*** Opening of Excerpted records ***

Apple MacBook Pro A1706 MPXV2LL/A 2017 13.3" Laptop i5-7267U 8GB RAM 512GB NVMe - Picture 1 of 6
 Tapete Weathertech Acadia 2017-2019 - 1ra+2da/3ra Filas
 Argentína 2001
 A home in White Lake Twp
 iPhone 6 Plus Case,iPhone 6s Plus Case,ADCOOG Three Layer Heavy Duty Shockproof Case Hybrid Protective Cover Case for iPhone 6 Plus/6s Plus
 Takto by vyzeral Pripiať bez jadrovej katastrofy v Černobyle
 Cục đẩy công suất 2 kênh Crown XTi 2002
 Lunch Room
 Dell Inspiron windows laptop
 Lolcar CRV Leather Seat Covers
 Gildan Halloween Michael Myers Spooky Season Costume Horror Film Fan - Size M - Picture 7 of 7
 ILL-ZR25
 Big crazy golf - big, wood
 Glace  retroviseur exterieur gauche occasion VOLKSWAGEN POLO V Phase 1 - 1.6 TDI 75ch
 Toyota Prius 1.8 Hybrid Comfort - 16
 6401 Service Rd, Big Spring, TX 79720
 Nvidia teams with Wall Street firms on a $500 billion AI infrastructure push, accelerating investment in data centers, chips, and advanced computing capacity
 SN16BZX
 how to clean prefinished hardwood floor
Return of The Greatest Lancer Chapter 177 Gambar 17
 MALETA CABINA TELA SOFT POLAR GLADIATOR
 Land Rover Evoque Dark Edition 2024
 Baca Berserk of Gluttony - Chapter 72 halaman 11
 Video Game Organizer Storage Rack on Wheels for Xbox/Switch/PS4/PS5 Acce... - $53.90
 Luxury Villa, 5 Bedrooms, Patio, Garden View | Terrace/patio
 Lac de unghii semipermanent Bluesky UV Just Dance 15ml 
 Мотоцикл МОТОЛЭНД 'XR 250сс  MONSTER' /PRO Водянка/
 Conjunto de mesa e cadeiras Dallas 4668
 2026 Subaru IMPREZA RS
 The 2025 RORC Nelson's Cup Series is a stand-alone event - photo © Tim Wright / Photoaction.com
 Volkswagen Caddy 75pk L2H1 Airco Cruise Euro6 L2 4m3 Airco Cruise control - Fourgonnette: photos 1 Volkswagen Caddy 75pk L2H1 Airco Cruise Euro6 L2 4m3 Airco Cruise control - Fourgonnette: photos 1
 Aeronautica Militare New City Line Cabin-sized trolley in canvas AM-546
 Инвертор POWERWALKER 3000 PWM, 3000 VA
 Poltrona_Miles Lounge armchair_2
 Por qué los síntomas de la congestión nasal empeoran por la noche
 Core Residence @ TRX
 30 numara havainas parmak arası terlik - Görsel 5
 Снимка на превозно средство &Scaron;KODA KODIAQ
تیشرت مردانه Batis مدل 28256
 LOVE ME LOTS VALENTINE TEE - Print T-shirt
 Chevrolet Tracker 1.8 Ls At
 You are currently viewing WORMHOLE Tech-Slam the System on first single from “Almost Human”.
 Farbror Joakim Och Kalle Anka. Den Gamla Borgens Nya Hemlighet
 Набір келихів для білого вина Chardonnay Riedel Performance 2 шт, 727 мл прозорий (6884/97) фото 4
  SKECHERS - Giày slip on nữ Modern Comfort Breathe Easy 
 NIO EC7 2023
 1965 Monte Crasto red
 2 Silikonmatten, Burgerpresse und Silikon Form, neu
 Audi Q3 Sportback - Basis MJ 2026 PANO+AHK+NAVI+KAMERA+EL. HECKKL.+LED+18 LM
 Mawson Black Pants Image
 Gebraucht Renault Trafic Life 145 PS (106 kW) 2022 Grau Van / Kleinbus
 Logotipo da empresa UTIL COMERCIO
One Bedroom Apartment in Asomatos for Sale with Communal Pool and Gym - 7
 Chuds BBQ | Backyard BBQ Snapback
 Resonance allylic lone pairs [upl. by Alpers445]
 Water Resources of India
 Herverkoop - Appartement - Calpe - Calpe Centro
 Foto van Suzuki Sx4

*** Close of Excerpted records ***

Action item = Reproduce the records word for word.

Answer to the problem =
Apple MacBook Pro A1706 MPXV2LL/A 2017 13.3" Laptop i5-7267U 8GB RAM 512GB NVMe - Picture 1 of 6
 Tapete Weathertech Acadia 2017-2019 - 1ra+2da/3ra Filas
 Argentína 2001
 A home in White Lake Twp
 iPhone 6 Plus Case,iPhone 6s Plus Case,ADCOOG Three Layer Heavy Duty Shockproof Case Hybrid Protective Cover Case for iPhone 6 Plus/6s Plus
 Takto by vyzeral Pripiať bez jadrovej katastrofy v Černobyle
 Cục đẩy công suất 2 kênh Crown XTi 2002
 Lunch Room
 Dell Inspiron windows laptop
 Lolcar CRV Leather Seat Covers
 Gildan Halloween Michael Myers Spooky Season Costume Horror Film Fan - Size M - Picture 7 of 7
 ILL-ZR25
 Big crazy golf - big, wood
 Glace  retroviseur exterieur gauche occasion VOLKSWAGEN POLO V Phase 1 - 1.6 TDI 75ch
 Toyota Prius 1.8 Hybrid Comfort - 16
 6401 Service Rd, Big Spring, TX 79720
 Nvidia teams with Wall Street firms on a $500 billion AI infrastructure push, accelerating investment in data centers, chips, and advanced computing capacity
 SN16BZX
 how to clean prefinished hardwood floor
Return of The Greatest Lancer Chapter 177 Gambar 17
 MALETA CABINA TELA SOFT POLAR GLADIATOR
 Land Rover Evoque Dark Edition 2024
 Baca Berserk of Gluttony - Chapter 72 halaman 11
 Video Game Organizer Storage Rack on Wheels for Xbox/Switch/PS4/PS5 Acce... - $53.90
 Luxury Villa, 5 Bedrooms, Patio, Garden View | Terrace/patio
 Lac de unghii semipermanent Bluesky UV Just Dance 15ml 
 Мотоцикл МОТОЛЭНД 'XR 250сс  MONSTER' /PRO Водянка/
 Conjunto de mesa e cadeiras Dallas 4668
 2026 Subaru IMPREZA RS
 The 2025 RORC Nelson's Cup Series is a stand-alone event - photo © Tim Wright / Photoaction.com
 Volkswagen Caddy 75pk L2H1 Airco Cruise Euro6 L2 4m3 Airco Cruise control - Fourgonnette: photos 1 Volkswagen Caddy 75pk L2H1 Airco Cruise Euro6 L2 4m3 Airco Cruise control - Fourgonnette: photos 1
 Aeronautica Militare New City Line Cabin-sized trolley in canvas AM-546
 Инвертор POWERWALKER 3000 PWM, 3000 VA
 Poltrona_Miles Lounge armchair_2
 Por qué los síntomas de la congestión nasal empeoran por la noche
 Core Residence @ TRX
 30 numara havainas parmak arası terlik - Görsel 5
 Снимка на превозно средство &Scaron;KODA KODIAQ
تیشرت مردانه Batis مدل 28256
 LOVE ME LOTS VALENTINE TEE - Print T-shirt
 Chevrolet Tracker 1.8 Ls At
 You are currently viewing WORMHOLE Tech-Slam the System on first single from “Almost Human”.
 Farbror Joakim Och Kalle Anka. Den Gamla Borgens Nya Hemlighet
 Набір келихів для білого вина Chardonnay Riedel Performance 2 шт, 727 мл прозорий (6884/97) фото 4
  SKECHERS - Giày slip on nữ Modern Comfort Breathe Easy 
 NIO EC7 2023
 1965 Monte Crasto red
 2 Silikonmatten, Burgerpresse und Silikon Form, neu
 Audi Q3 Sportback - Basis MJ 2026 PANO+AHK+NAVI+KAMERA+EL. HECKKL.+LED+18 LM
 Mawson Black Pants Image
 Gebraucht Renault Trafic Life 145 PS (106 kW) 2022 Grau Van / Kleinbus
 Logotipo da empresa UTIL COMERCIO
One Bedroom Apartment in Asomatos for Sale with Communal Pool and Gym - 7
 Chuds BBQ | Backyard BBQ Snapback
 Resonance allylic lone pairs [upl. by Alpers445]
 Water Resources of India
 Herverkoop - Appartement - Calpe - Calpe Centro
 Foto van Suzuki Sx4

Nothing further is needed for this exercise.